# Exercise prompt
Transcribe the data exactly, omitting whatever pictures it holds.

# Source material
-*-

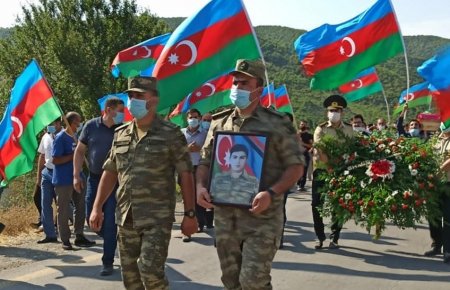 TORPAQ, UĞRUNDA ÖLƏN VARSA VƏTƏNDİR!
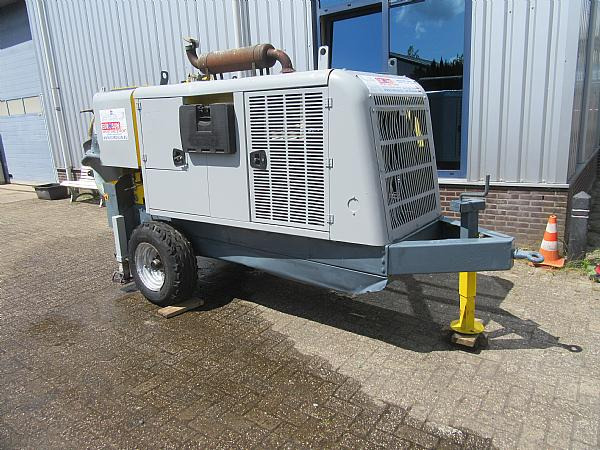 2016 CIFA trailer mounted concrete pump - Pompe à béton stationnaire: photos 3 2016 CIFA trailer mounted concrete pump - Pompe à béton stationnaire: photos 3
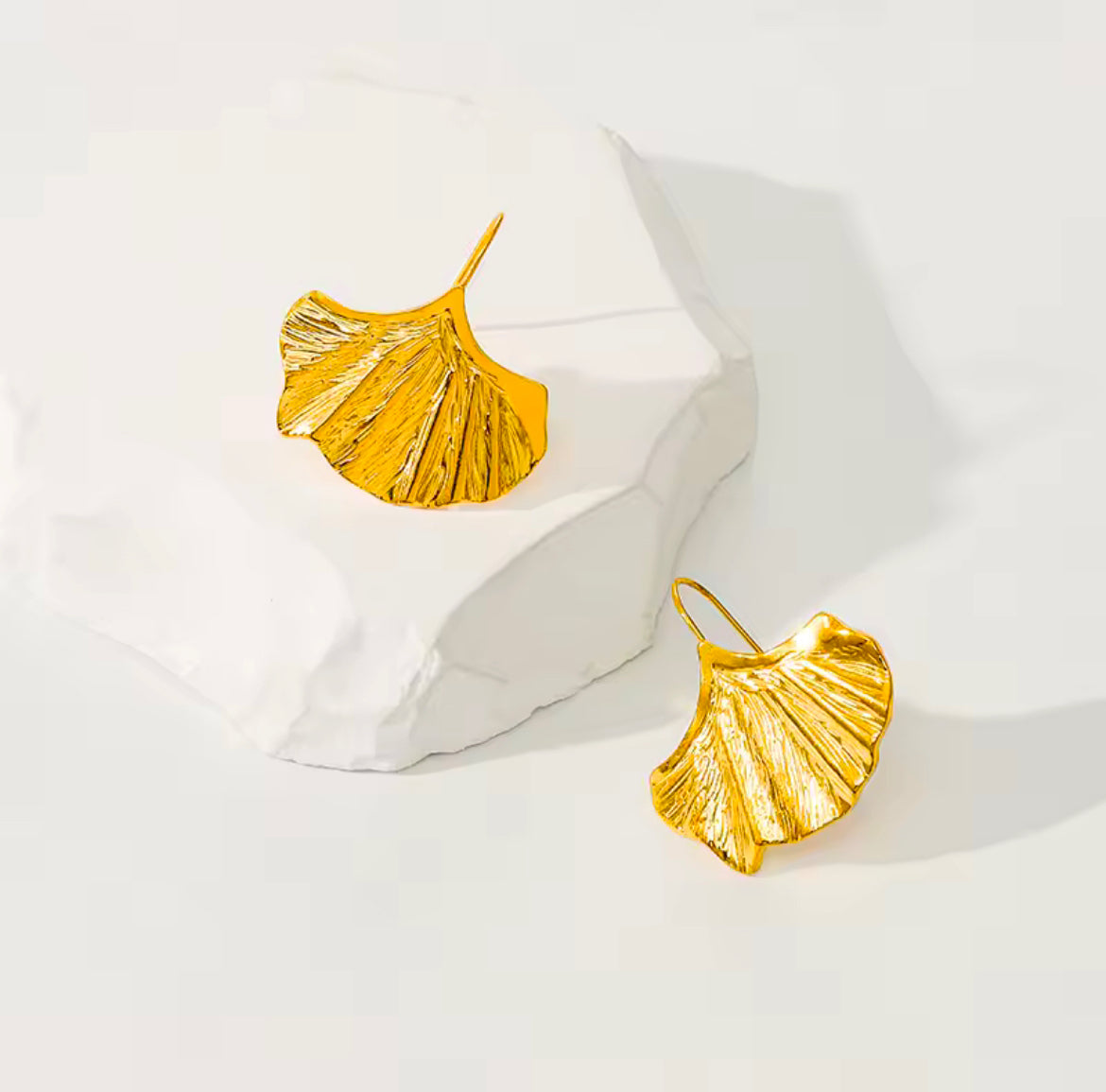 Gigi Leaf Earrings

-*-

# Answer area
 TORPAQ, UĞRUNDA ÖLƏN VARSA VƏTƏNDİR!
 2016 CIFA trailer mounted concrete pump - Pompe à béton stationnaire: photos 3 2016 CIFA trailer mounted concrete pump - Pompe à béton stationnaire: photos 3
 Gigi Leaf Earrings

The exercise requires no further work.